To enable the RDMA feature in vSAN ESA, the following components are required.
If your environment meets all the prerequisites, you can proceed to the actual configuration.
First, configure RoCEv2 on the switch.
Since DCBx is based on LLDP, enable LLDP globally by running the lldp run
command in config mode.
When LLDP is enabled, both TX/RX are allowed on all interfaces of the switch.
Use the show lldp
command to check the LLDP configuration status on an interface-by-interface basis.
Configure Lossless Fabric using PFC.
# Config Mode
interface ethernet 3/1/1
dcbx mode ieee
qos trust dscp
priority-flow-control on
priority-flow-control priority 3 no-drop
An example of the interface configuration when the settings completed is shown below.
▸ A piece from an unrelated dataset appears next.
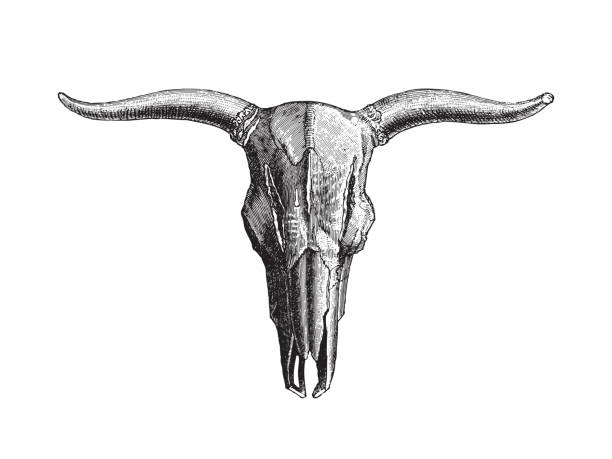 Skull Aurochs (Bos primigenius) - vintage engraved illustration illustration from Meyers Konversations-Lexikon 1897 animal skull cow bull horned stock illustrations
DCBx/PFC settings must also be configured on the NIC.
There are three types of settings: those that need to be configured at the firmware level, those that need to be configured in both firmware and driver, and those that need to be configured in the driver.
/opt/mellanox/bin/mlxconfig -d <Device_ID> set \
lldp_nb_dcbx_p1=1 lldp_nb_rx_mode_p1=2 lldp_nb_tx_mode_p1=2 dcbx_willing_p1=1 \
lldp_nb_dcbx_p2=1 lldp_nb_rx_mode_p2=2 lldp_nb_tx_mode_p2=2 dcbx_willing_p2=1 \
dcbx_ieee_p1=1 dcbx_cee_p1=0 dcbx_ieee_p2=1 dcbx_cee_p2=0 \
cnp_dscp_p1=26 cnp_dscp_p2=26 cnp_802p_pro_p1=3 cnp_802p_pro_p2=3
The above firmware configuration sets the PCP/DSCP Class used by the CNP of ECN to 3, enables LLDP/DCBx, and sets the DCBx operation mode to IEEE.
esxcli system module parameters set -m nmlx5_core -p “pfctx=0x08 pfcrx=0x08 trust_state=2 dcbx=1”
esxcli system module parameters set -m nmlx5_rdma -p “pcp_force=3 dscp_force=26”
The above driver parameter configuration configures the PFC Class for RDMA traffic to 3, and then allows the DCBx settings to follow the firmware configuration.
Last but not least, it enables PFC L3 Trust (DSCP) mode.
Finally, you need to reboot the host to apply the firmware and driver settings to ESXi.
Once the host has finished rebooting, you can check the current PFC configuration status of ESXi with the command esxcli network nic dcb status get
.
In an optimal configuration, ETS/ECN should be enabled, but that will be covered in a future article.
With the preparation complete, it is time to actually configure vSAN ESA.
1) From the Cluster Configure > vSAN > Services menu, start the vSAN HCI configuration
2) Enable vSAN ESA
3) Turn on RDMA Support, and turn off Auto-Policy management.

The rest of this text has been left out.